Debt buyer and collector Portfolio Recovery Associates said late Thursday that its net income for the third quarter of 2009 dropped compared to the same period a year ago.
Norfolk, Va.-based Portfolio Recovery Associates, Inc. (Nasdaq: PRAA) reported net income of $10.1 million, or $0.65 per diluted share, for the quarter ended September 30, 2009, down 12 percent from net income reported in the year ago quarter. Analysts polled by Thompson Reuters had anticipated earnings of $0.77 per share for the third quarter of 2009.
PRA said that total revenue in the third quarter of 2009 was unchanged from Q3 2008 at $68.6 million. The company took an $8 million net allowance charge — equivalent to approximately $4.8 million after tax, or 31 cents per diluted share — against its purchased portfolios. Net impairment charges were $3.3 million in the year ago period.
"Portfolio Recovery Associates continued to perform solidly in the third quarter of 2009, despite an economy still struggling to recover from recession,” said Steven D. Fredrickson, Chairman, President and Chief Executive Officer. “Not only did the Company produce strong results operationally, but we continued to build for the future — further refining our best-in-class platform and taking advantage of our access to capital to make significant portfolio acquisitions. An $8 million net allowance charge, equivalent to 31 cents a share, did undermine earnings growth.
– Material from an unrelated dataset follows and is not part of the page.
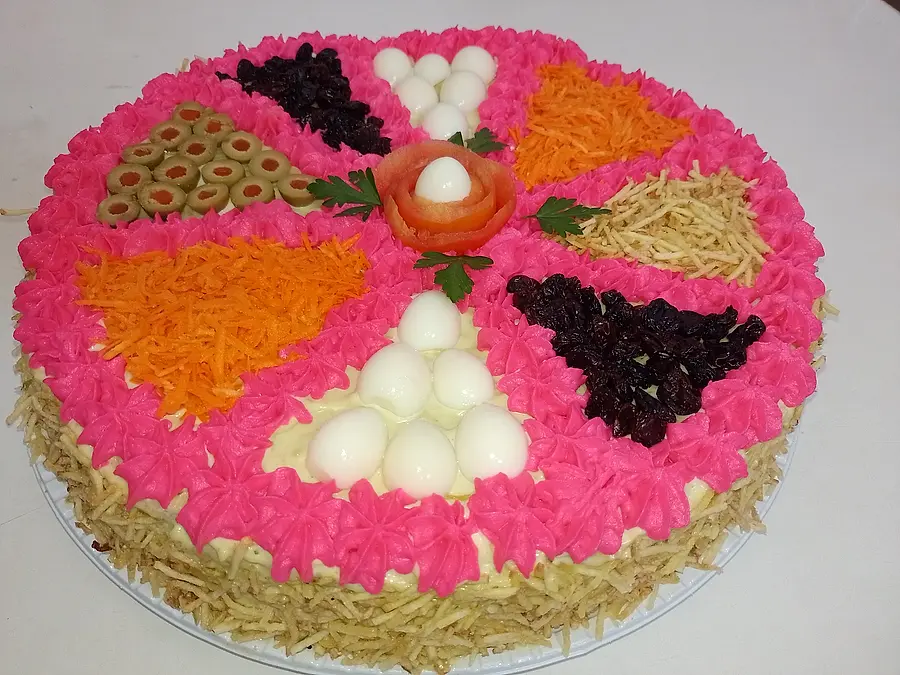 Bolo salgado decorado à mão pela Andréa (nº 63)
Nevertheless, Portfolio Recovery Associates is well-positioned to emerge from this economic downturn a stronger and more efficient competitor.”
On a conference call for investors Thursday evening, management noted that PRA’s accounting practices dictate that it take impairment charges on under-performing portfolios very quickly, while brand new portfolios that are exceeding expectations must wait at least six months to show the over performance on the company’s financial statements. They noted that this phenomenon was occurring in the third quarter of 2009, as recently purchased debt portfolios beat expectations in the period.
The company’s cash collections rose 11 percent to a record $92.4 million in the third quarter of 2009. Call center and other collections increased 11 percent to $48.6 million; external legal collections decreased 29 percent to $15.3 million; internal legal collections grew 194 percent to $6.2 million; and purchased bankruptcy collections gained 45 percent to $22.2 million when compared with the year-earlier period.
The company’s fee-for-service businesses generated revenue of $14.2 million in the third quarter, down 10.1 percent from a year ago. These businesses accounted for 20.8 percent of the PRA’s overall revenue in the third quarter of 2009, down from 23.1 percent in Q3 2008.
PRA purchased $1.75 billion of face-value debt during the third quarter for $76.7 million. The debt was acquired in 100 portfolios from 12 different sellers. The company said that 95 percent of the debt was credit card accounts, with the balance comprised of utility and installment loans. Of the accounts, 61 percent were in bankruptcy.
Management said that at the end of the quarter, the company employed 1,312 collection staff.